Townie Great Tits are tougher, research shows
Great Tits living in urban areas are bolder and more aggressive at defending their territory than their rural counterparts
26 March 2018
Great Tits living in urban areas are bolder and more aggressive at defending their territory than their rural counterparts according to research published in Scientific Reports.
Scientists at Aberystwyth University’s Institute of Biological, Environmental and Rural Sciences (IBERS) examined how birds adjust their behaviours in response to human-driven habitat changes such as urbanisation.
Dr Sam Hardman evaluated behavioural differences in territorial aggression in urban and rural male Great Tits (Parus major) as part of this PhD at Aberystwyth University.

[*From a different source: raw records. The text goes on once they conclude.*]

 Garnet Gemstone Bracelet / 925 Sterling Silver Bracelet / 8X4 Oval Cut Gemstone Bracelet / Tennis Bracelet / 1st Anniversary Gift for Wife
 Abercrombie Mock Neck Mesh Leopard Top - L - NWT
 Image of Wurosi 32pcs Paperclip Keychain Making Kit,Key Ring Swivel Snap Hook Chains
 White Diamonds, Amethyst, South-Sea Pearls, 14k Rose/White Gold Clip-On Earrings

His aim was to test if urban and rural birds exhibited differences in "personality".
Sam said: “At this time of year males establish territories for the breeding season and they defend these aggressively against intruding males of the same species.
“We simulated a territorial intruder by playing back recordings of Great Tit song from a loudspeaker in the centre of the territory, and monitored the resident birds’ responses to defend that territory.”

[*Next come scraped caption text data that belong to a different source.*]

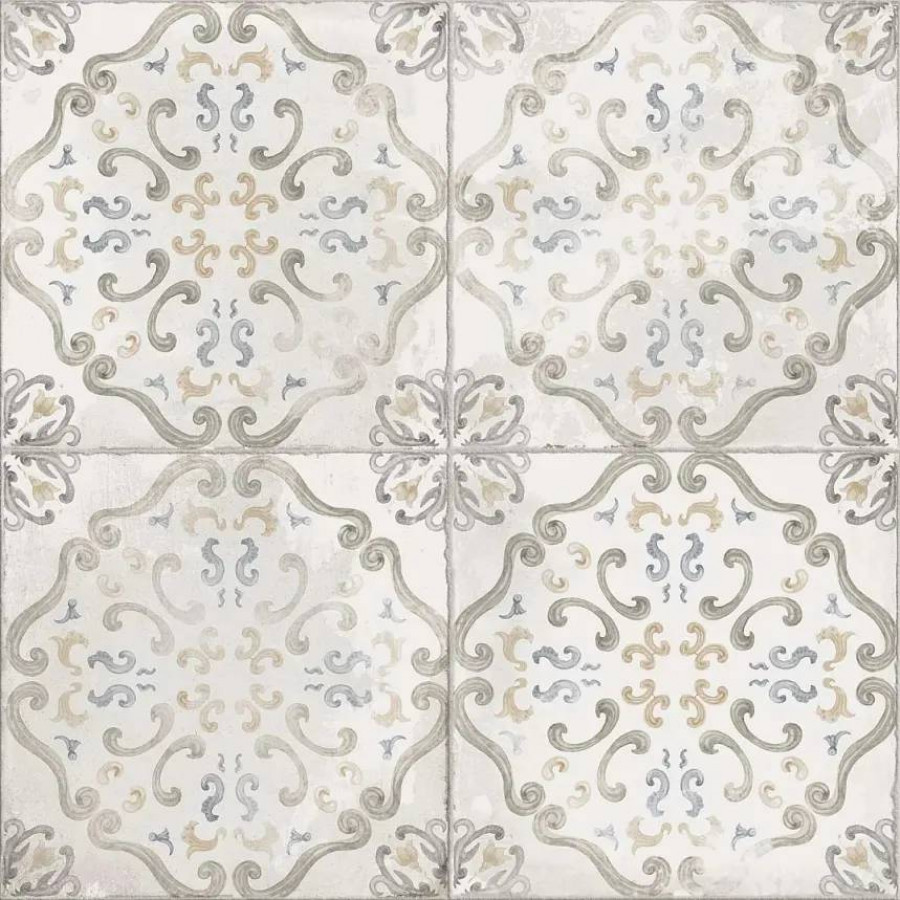 Керамогранит 58x58 10мм Alice White Glossy Rect полированная бежевый El Molino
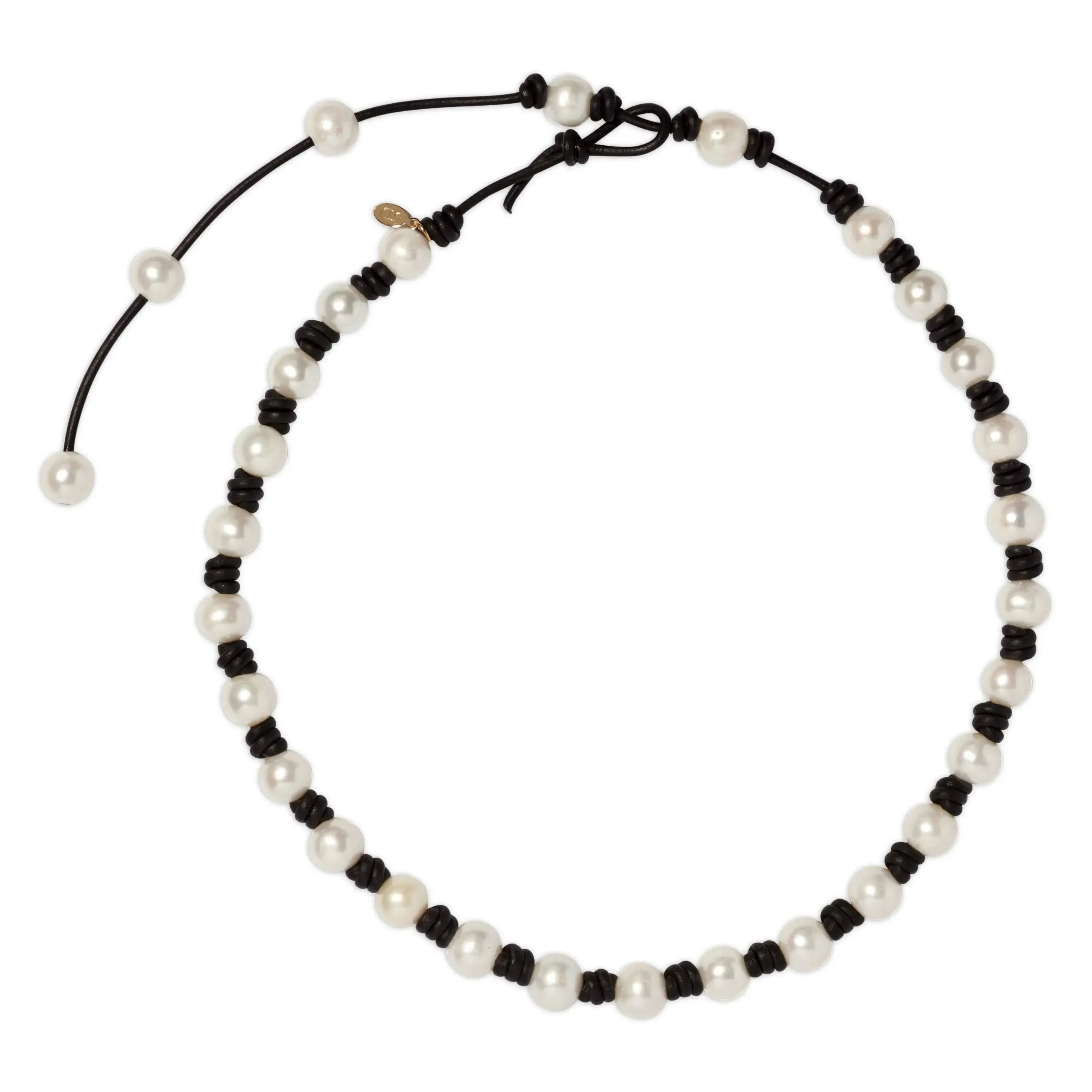The Classic Knotted Pearl and Leather Necklace with Tail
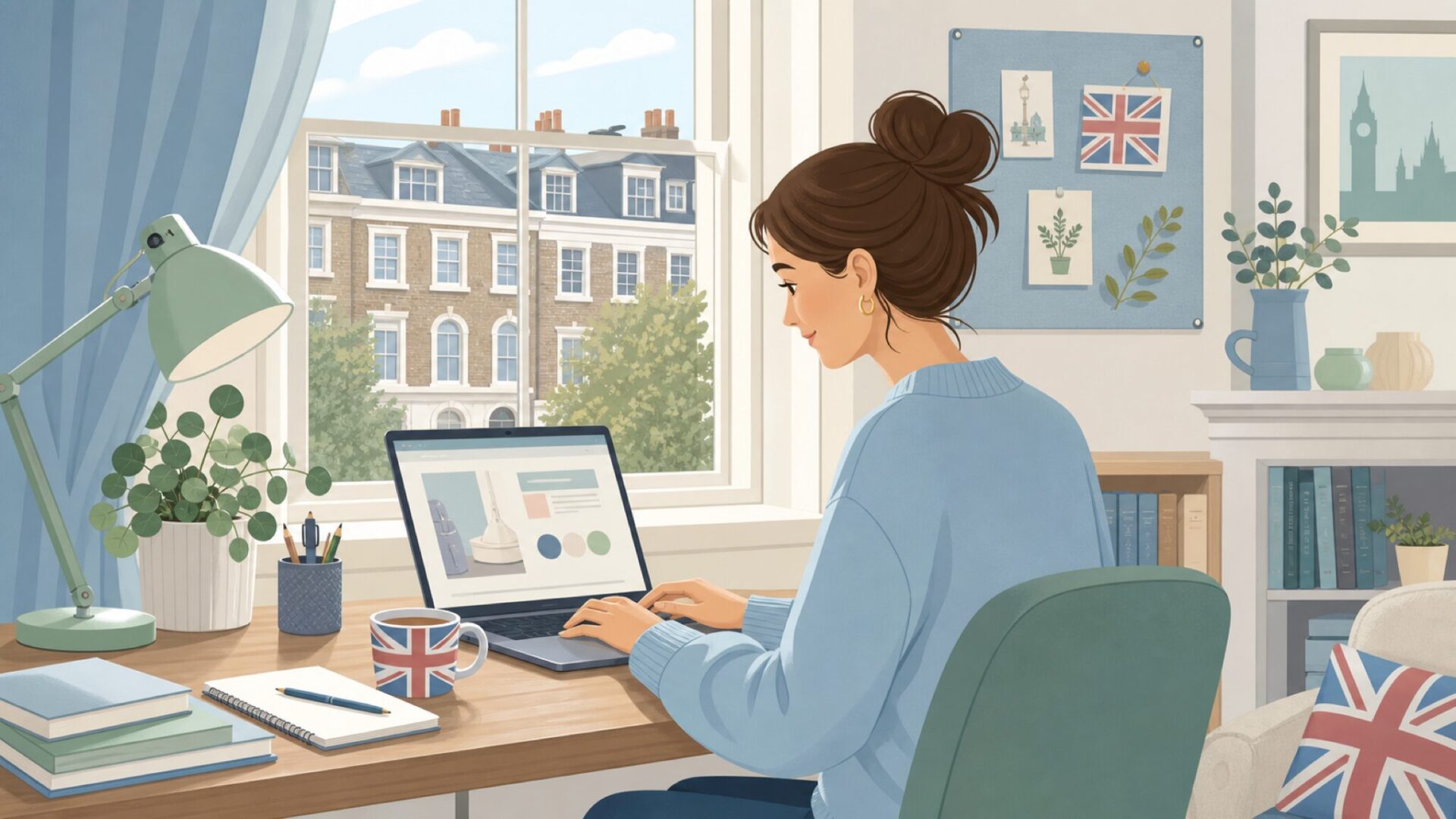 ロンドン風の部屋でブランド情報を調べる人のフラットイラスト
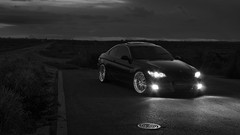 Night cars BMW grayscale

The study took place in March and April 2015 in Great Tit territories in the centres of Leicester and Derby, and in undeveloped rural areas in the surrounding countryside.
The responses measured included territorial singing and how quickly and closely the birds approached the perceived intruder.
Sam added: “These measurements allowed us to determine the levels of aggression in the birds. Birds which responded more quickly and approached more closely were considered to be more aggressive.”
“We found that after the playback began urban birds flew towards the speaker 35.34 seconds faster than rural birds and approached 1.63 metres closer, suggesting urban birds are bolder and more aggressive than rural birds.”
To test for personality differences in urban and rural great tits, the same playback tests were done on the same individuals on two separate days.
This tested if the same birds would show repeatability in their responses multiple times, or if they would respond completely differently each time. In animal behaviour research, behavioural repeatability is considered evidence of personality.
Whilst rural birds showed repeatability in all five responses measured, urban birds only showed repeatability in two of the behaviours measured.
This suggests that while rural environments may favour behavioural consistency, birds in urban environments exhibit a much broader range of behaviours suggesting greater behavioural flexibility in these populations.
It is possible that this increased flexibility is what allows some great tits to successfully adapt to new urban habitats and exploit the new resources they provide, such as food and new territories.
Sam is currently working for the Max Planck Institute for Ornithology in Seewiesen Germany, where he is studying responses to stress in Great Tits.